Each county sets its own fee schedule for Court-appointed attorneys and some pay the same for a dismissal as for a guilty plea. Others pay much less for a dismissal than for a guilty plea, such as $175. v. $300. I realize the thinking is that a dismissal may be less work in Court appearances, but we should not do anything that would encourage guilty pleas.

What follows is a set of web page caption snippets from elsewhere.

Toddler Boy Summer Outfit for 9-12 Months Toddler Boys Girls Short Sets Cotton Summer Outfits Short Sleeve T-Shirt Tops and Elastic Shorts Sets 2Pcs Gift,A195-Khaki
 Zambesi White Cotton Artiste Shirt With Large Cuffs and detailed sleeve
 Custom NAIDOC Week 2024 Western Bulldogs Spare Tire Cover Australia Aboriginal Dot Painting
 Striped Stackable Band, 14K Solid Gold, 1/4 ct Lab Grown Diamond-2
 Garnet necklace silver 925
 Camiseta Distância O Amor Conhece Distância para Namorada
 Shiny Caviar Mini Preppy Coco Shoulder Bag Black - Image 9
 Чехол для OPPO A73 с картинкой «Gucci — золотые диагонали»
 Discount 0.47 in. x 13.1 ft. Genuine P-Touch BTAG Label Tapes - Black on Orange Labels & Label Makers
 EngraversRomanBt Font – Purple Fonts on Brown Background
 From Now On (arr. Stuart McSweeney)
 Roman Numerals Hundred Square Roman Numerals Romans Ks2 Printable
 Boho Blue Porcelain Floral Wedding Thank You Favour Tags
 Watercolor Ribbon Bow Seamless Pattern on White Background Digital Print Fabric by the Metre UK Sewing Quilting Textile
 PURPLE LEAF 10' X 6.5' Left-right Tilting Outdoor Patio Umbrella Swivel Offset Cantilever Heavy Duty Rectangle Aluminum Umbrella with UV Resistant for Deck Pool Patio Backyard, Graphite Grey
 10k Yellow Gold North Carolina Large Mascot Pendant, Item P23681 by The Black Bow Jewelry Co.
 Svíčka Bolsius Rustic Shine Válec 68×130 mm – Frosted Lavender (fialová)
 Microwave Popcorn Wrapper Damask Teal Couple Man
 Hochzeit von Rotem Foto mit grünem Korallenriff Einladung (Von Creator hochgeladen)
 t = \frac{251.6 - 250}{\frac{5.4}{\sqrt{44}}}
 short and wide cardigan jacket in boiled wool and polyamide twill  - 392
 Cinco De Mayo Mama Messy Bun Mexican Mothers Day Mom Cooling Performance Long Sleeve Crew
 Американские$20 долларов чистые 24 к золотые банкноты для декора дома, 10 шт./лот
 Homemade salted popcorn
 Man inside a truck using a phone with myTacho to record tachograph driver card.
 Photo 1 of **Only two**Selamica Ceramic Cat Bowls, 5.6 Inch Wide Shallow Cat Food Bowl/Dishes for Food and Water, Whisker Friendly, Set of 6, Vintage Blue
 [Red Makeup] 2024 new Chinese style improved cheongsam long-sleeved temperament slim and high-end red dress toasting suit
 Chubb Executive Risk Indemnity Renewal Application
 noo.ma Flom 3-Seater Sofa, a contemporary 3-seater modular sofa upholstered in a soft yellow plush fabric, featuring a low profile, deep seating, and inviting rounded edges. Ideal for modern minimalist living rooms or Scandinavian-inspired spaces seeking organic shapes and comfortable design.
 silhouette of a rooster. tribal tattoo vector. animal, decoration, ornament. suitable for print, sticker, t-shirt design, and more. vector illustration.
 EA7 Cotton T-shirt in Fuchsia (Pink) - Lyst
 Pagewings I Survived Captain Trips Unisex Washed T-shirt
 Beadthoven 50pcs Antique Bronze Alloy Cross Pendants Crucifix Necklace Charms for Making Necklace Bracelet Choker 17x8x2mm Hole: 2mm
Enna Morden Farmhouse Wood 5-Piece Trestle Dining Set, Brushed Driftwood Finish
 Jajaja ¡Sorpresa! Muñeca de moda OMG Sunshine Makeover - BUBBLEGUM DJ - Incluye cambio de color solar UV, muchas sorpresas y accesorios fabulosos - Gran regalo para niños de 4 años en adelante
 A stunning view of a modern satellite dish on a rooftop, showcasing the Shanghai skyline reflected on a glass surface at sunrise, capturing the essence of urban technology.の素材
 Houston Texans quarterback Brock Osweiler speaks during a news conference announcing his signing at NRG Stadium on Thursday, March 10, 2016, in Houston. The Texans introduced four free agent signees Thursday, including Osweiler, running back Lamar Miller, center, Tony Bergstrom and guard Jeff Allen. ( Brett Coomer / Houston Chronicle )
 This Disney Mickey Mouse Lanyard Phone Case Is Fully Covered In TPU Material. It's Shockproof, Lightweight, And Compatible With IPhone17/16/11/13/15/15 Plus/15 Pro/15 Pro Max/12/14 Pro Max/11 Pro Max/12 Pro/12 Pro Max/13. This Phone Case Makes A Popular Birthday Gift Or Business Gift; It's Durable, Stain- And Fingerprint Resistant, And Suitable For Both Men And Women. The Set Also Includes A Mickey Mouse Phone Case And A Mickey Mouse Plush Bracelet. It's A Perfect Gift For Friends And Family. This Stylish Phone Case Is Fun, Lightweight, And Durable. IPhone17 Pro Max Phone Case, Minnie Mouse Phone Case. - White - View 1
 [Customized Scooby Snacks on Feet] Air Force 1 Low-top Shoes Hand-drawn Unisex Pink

Another problem which exists in indigent defense is that some counties delay appointing attorneys past the time frame outlined by the Supreme Court. I suspect this goes on in counties where law enforcement, encouraged by the DA are overcharging cases, some of which result in a dismissal. If you appoint an attorney and the case gets dismissed, you have to pay that attorney. Of course, another solution would be to tell the DA to quit overcharging cases. LOL.

Anonymous said...

The Obama campaign forgot that part about where "Julia" gets two free lawyers courtesy of the taxpayers after she commits capital murder!

Anonymous said...

I offer no direct evidence, but some situations are as 2:00 hints, possibly rigged for failure on the defense side. I leave the speculation as to mechanisms/motive open. How are so many cases won by the prosecution by plea or trial? Cases on circumstantial evidence, flimsy evidence, shaky testimony... It is hard to believe defense attorneys as a group are that weak willed and bow to the prosecution so readily. You would think the truth, a man's freedom, a human life is more important than money.

Anonymous said...

Or maybe, 4:42, it's just because the vast majority of people who are charged are really guilty. Incidentally, the Constitution doesn't require that every indigent defendant get the best defense that money can buy.

Anonymous said...

Very unfortunately, landlords do not accept lofty ideals as payment for rent. It would be interesting to get one of the counties that pays more for a guilty plea to reverse that and pay more for dismissals and see if there is a change. Wonder what the DA would think about that?

Anonymous said...

I think DA's get paid the same (and not nearly enough for what they do, I might add) regardless of whether a case ends in a guilty plea or dismissal. Bottom line, however, is if the vast majority of criminal charges don't end in a conviction or deferred adjudication, someone (law enforcement or prosecutors) isn't doing a good job.